Stress in the Workplace: Steps to Reduce it

We all get stressed from time to time, but when you have diabetes it’s important that you try to manage it to stop those stress hormones from wreaking havoc with your blood sugar levels. 

We spend most of our days at work and while we can’t eliminate stress altogether we can take a few simple steps to try and minimise it – here are a few top tips. 

  1. Make workplace wellness a priority 

Just because you’re at work it doesn’t mean your wellness should take a back seat, in fact, there are plenty of little things you can do to make your workspace feel a bit more like home. 

  • Add green to your scene 

Plants not only improve air quality, but adding a plant or two to your desk can also have a soothing effect and make your space feel calmer. 

  • Hydrate 

It’s not only your plants that need water! Keep a water bottle on your desk and ensure that you drink throughout the day. Staying hydrated helps you to stay alert and aid concentration. 

  • Natural light 

Make sure you get as much natural light as possible. This will give your energy levels and productivity a boost.  

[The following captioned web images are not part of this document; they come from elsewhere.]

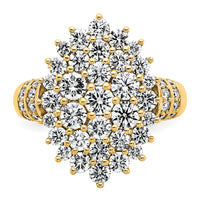 14k 2 5/8ct Lab Grown Diamond VS/SI+ G+ Comp Cluster Fashion Ring
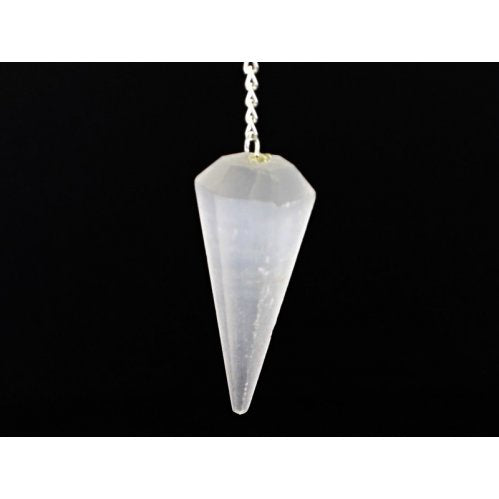 Selenite Faceted Cone Pendulum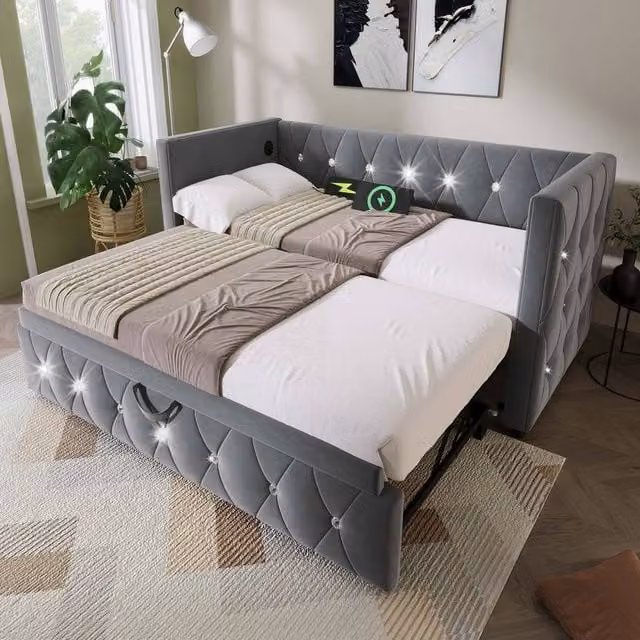 Rolipo Grey Velvet Single Daybed with USB Charging Station and Trundle, W/D/H: 200 x 90 x 76 cm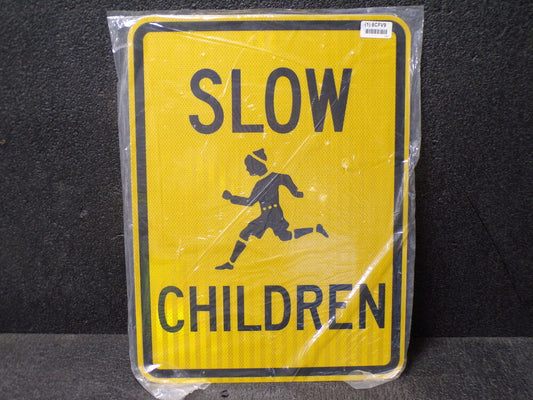 ZING Traffic Sign, Slow Children, Aluminum, 24" Height, 18" Width (SQ2165910-WT45)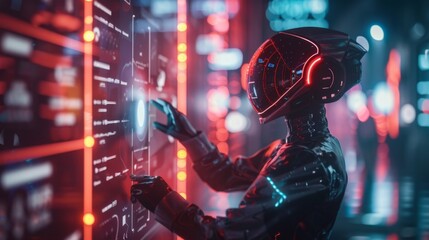 Fototapete - Futuristic robot interacting with digital interface in a vibrant neon cityscape at night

  1. Organise and prioritise 

When you feel overwhelmed you’re bound to feel stressed, so breaking tasks up into small chunks and writing them down can help things feel more manageable. 

  • List it out 

It sounds so simple and obvious, but even just the act of writing out your tasks can help reduce that panic feeling. Whether you have a to-do list app on your phone or prefer a pen and paper, get those tasks noted down and feel the sense of achievement when you tick them off. 

  • Set deadlines 

Often tasks without a deadline get pushed to the side, so even if you’re just setting a deadline for yourself make a note of that, but most importantly make sure it’s realistic. 

  • Focus on two to three tasks 

Don’t try to do everything at once, take a look at that to-do list and select two or three tasks that are your priorities for that day and tackle them first. 

  1. Get moving  

Exercise is a great mood booster thanks to its endorphin-releasing properties. 

  • Stand up 

Sitting for long periods of time isn’t good for your health, so if you’re fortunate enough to have access to a standing desk make use of it. Even if it’s just for 15 minutes at a time, standing up can stabilise your leg and core muscles while improving circulation. 

  • Walk it out 

Rather than sit at your desk or in the break room for lunch, head out, get some fresh air and go for a walk. Of course, be sure to check your levels before doing so, only you know how long and far to go. 

The above steps may seem simple, but even just acting on a couple of them can really help you to reduce that stress in the workplace now that we’re all back in the office. 

Remember you know your body and your sugar levels, and while that’s your responsibility be sure to reach out to a trusted colleague who might be able to assist you if needed, even if it’s just as a sounding board.